En effet, la régularisation sur le résultat réel aura lieu, de toute façon, avec, dans certains cas, des délais de recouvrement importants. Surtout, que la référence soit l’année N-1 ou l’année N-2, on méconnaît totalement les fluctuations qui peuvent se produire dans l’activité d’une entreprise indépendante : celle-ci peut, une année, enregistrer un gros résultat, parce qu’elle a travaillé sur un chantier important ou qu’elle a été particulièrement performante, et, l’année suivante, parce qu’une créance n’a pas été honorée ou qu’un chantier s’est mal passé, connaître une forte baisse de son résultat ; elle risque de « surprovisionner » ses cotisations.
Acquitter ce que l’on doit, rien de plus, et au moment où on le doit : tel est le principe qui devrait prévaloir !
Du reste, une telle règle existe en droit fiscal : il est possible de limiter les acomptes provisionnels lorsque l’on estime que le revenu de l’année en cours est inférieur à celui de l’année précédente.
J’ai d’abord eu l’intention de présenter un amendement visant à instaurer la même possibilité s’agissant des cotisations au RSI. Puis j’ai découvert à ma grande surprise que, lors de l’examen du projet de loi de financement de la sécurité sociale pour 2012, le ministre de l’époque, Valérie Pécresse, avait fait adopter une disposition permettant aux artisans, aux commerçants et aux professions libérales de demander le calcul des cotisations pour l’année en cours sur le fondement d’une évaluation de leur résultat réalisée sous leur propre responsabilité.
La règle, simple, qui existe en matière fiscale peut donc aussi s’appliquer aux cotisations au RSI.
Le dispositif adopté sur l’initiative du précédent gouvernement prévoit même la possibilité d’une pénalité au cas où le résultat différerait d’un tiers par rapport à l’estimation ; un décret d’application est paru, qui la fixe à 5 %.
Tout est donc déjà prévu ; il suffit d’appliquer les textes ! Partant, on simplifierait d’une manière considérable la vie des indépendants, littéralement torturés par la crainte de rappels importants au titre du RSI.
Les services de ce régime, que nous avons interrogés, ont invoqué la nouveauté du dispositif pour expliquer les difficultés constatées.
Tout de même ! S’agissant d’une mesure prévue dans la loi et susceptible de simplifier à ce point la vie des petites entreprises, je pense qu’il est du devoir du RSI de faire connaître aux assujettis qu’ils ont le droit d’y recourir.

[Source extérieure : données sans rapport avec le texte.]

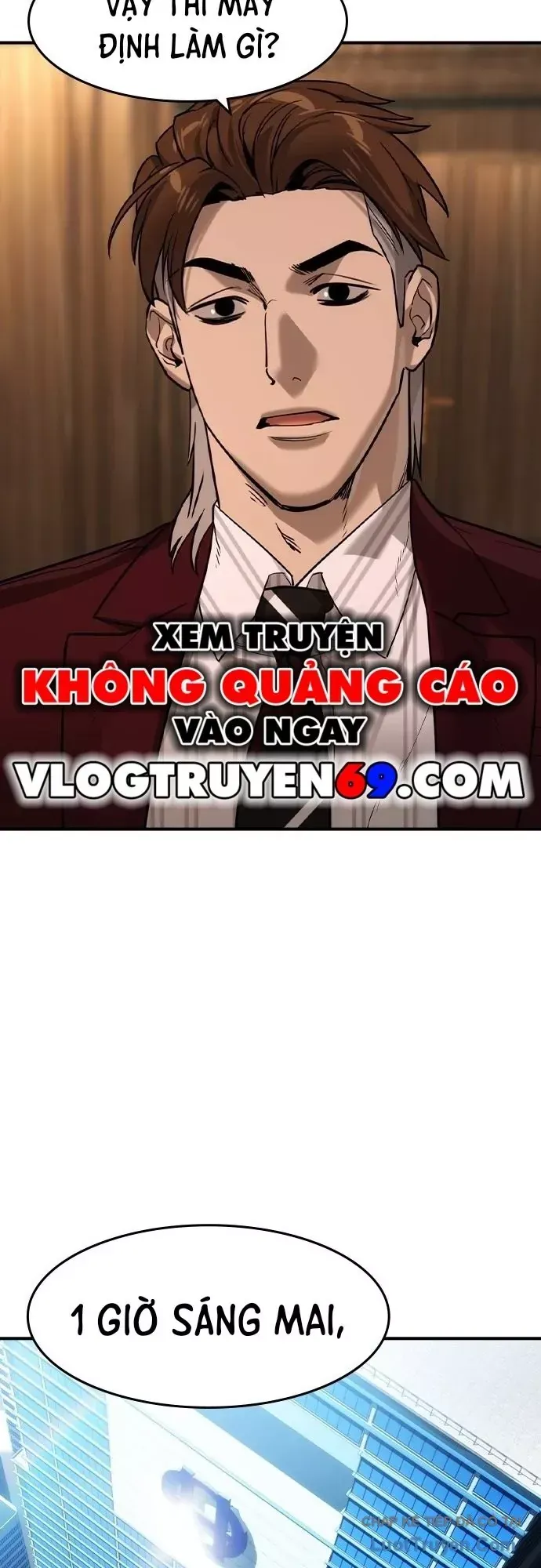 Quý Công Tử Chap 83 - Next Chap 82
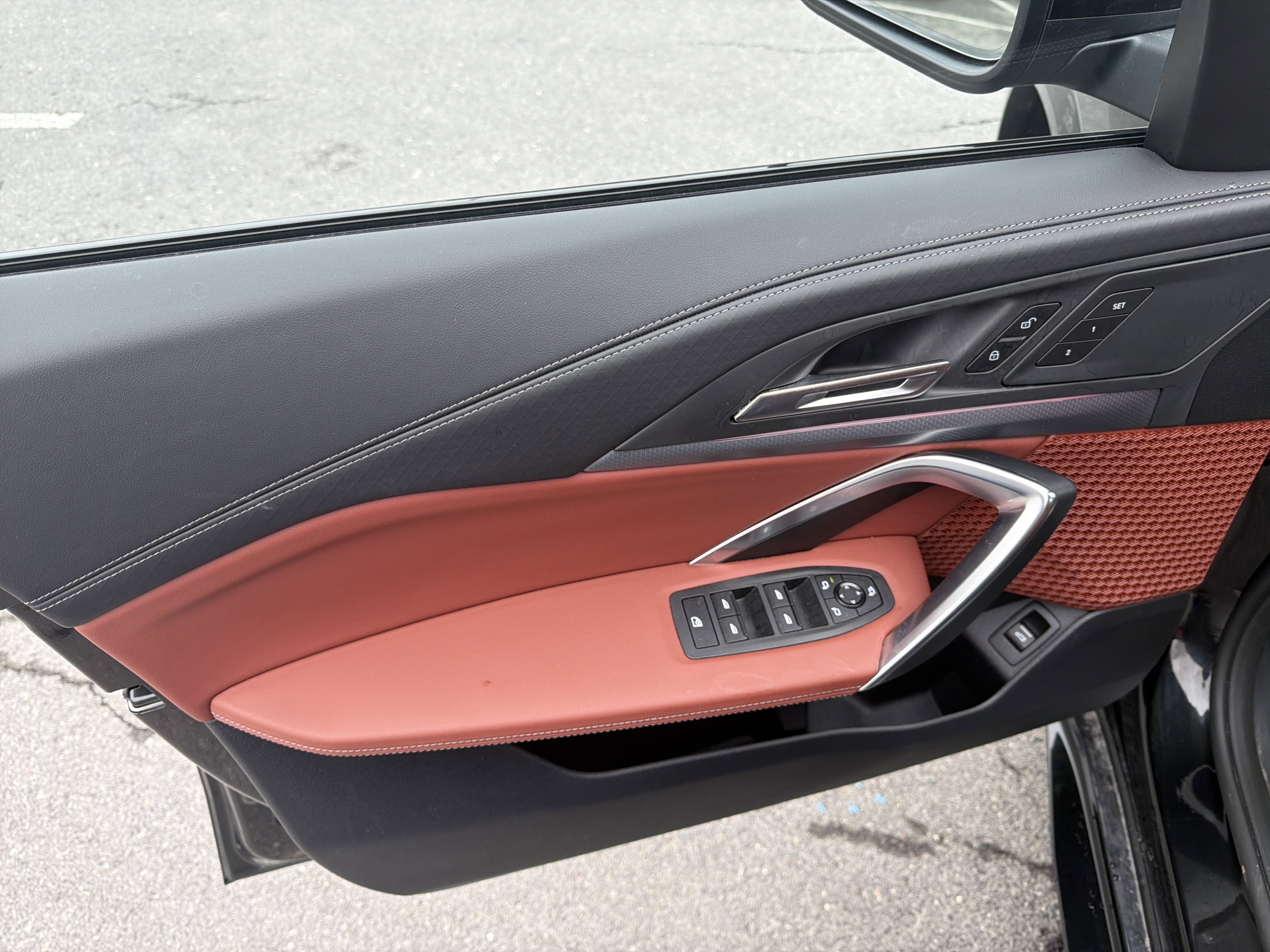 Used 2026 BMW X2 xDrive28i image 15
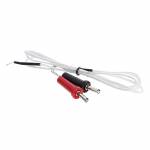 TP-01A 100cm Banana-type K Surface Thermocouple Temperature Probe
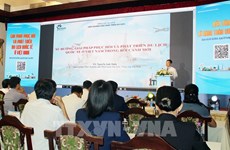 Открытие туризма во Вьетнаме – необходимость следить за тенденциями на рынке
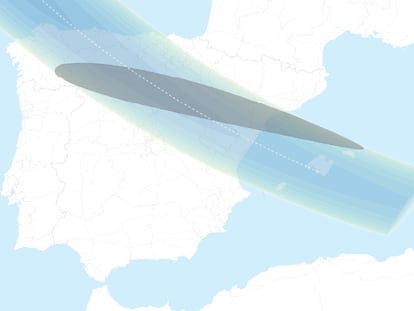 Falta un año para el eclipse del siglo: hoy es el día para saber dónde verlo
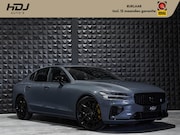 Volvo S60 - 2.0 T8 AWD Polestar | Pano | 20"| B&W | HUD | Blis | Topv. |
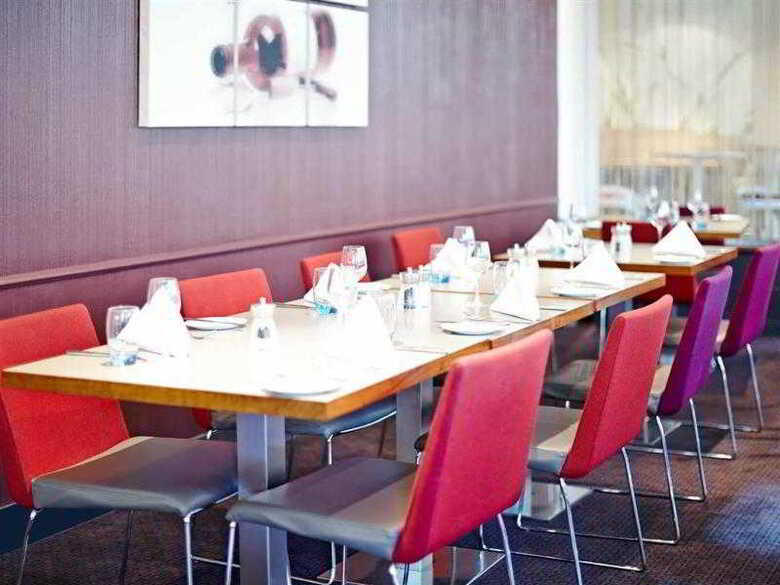 Hotel Novotel London Heathrow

En réalité, on a plutôt l’impression qu’elle gêne et que, en catimini, on a décidé de l’appliquer le moins possible…
Madame le ministre, je vous ai interrogée, il y a quelque temps, sur ces dysfonctionnements : vous m’avez répondu avoir donné des instructions pour que le contact humain entre les permanents du RSI et les entreprises soit facilité, notamment grâce à la mise en place d’une plateforme, outre le décalage de cotisations que vous proposez dans le présent projet de loi de financement de la sécurité sociale. Aujourd’hui, je vous lance cet appel : demandez au RSI d’appliquer ce nouvel article du code de la sécurité sociale !
Plus généralement, il faudra bien que l’on entreprenne, et très rapidement, une réforme de fond de ce régime, dont le fonctionnement a été qualifié par la Cour des comptes de « catastrophe industrielle ». En effet, un dysfonctionnement est apparu entre les services des URSAFF et ceux du RSI, qui n’était pas prévu à la création de ce régime.
Nous avons proposé qu’un rapport parlementaire soit préparé sur ce sujet. Il faut que tous les acteurs travaillent ensemble pour présenter des propositions de simplification et d’amélioration du RSI.
Telles sont, madame le ministre, mes chers collègues, les raisons pour lesquelles les sénateurs de mon groupe ne voteront pas l’article 22.